» **What to produce**: Of the material below, the lines to be retyped are those from the line containing "Image du produit" through the line containing "Gant - Slim", inclusive; reproduce them exactly.

» **Exercise inputs**:
• • • • •

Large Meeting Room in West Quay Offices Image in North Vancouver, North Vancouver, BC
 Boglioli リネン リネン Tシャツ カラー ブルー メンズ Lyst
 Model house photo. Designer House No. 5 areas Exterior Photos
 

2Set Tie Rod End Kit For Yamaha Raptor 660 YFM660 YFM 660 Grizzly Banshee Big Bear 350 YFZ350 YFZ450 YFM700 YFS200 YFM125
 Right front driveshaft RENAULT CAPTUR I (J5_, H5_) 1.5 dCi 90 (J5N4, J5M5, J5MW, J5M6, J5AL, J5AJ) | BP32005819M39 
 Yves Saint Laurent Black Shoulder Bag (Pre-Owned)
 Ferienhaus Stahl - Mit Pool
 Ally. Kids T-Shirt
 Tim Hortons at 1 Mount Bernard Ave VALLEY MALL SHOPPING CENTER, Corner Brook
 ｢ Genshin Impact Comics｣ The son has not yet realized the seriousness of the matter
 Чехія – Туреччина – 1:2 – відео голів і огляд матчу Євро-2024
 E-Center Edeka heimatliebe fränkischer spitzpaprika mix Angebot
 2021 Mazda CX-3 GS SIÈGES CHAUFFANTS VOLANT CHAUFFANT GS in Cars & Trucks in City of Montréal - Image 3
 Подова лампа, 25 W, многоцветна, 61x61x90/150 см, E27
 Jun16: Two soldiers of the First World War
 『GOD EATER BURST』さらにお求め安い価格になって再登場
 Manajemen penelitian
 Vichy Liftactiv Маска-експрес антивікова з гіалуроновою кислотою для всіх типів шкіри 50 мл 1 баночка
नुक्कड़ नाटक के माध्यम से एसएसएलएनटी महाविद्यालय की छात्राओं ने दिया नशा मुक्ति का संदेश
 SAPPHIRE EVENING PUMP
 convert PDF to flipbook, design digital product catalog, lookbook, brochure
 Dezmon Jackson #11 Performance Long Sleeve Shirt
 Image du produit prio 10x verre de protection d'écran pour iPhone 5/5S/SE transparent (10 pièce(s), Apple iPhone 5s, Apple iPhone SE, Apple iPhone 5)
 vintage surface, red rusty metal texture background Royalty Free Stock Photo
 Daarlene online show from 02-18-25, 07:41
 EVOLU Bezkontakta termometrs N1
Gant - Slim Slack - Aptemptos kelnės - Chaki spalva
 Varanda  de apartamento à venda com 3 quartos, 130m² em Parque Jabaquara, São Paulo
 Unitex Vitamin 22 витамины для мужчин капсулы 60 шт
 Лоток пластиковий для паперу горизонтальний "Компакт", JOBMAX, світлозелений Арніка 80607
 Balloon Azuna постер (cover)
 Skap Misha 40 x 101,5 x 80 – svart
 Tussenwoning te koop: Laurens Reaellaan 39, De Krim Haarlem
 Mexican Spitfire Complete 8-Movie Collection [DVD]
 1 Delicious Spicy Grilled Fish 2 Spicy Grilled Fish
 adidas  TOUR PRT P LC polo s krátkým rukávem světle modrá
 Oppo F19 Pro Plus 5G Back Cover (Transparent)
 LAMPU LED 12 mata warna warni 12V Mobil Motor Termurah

• • • • •

» **Finished task**:
 Image du produit prio 10x verre de protection d'écran pour iPhone 5/5S/SE transparent (10 pièce(s), Apple iPhone 5s, Apple iPhone SE, Apple iPhone 5)
 vintage surface, red rusty metal texture background Royalty Free Stock Photo
 Daarlene online show from 02-18-25, 07:41
 EVOLU Bezkontakta termometrs N1
Gant - Slim Slack - Aptemptos kelnės - Chaki spalva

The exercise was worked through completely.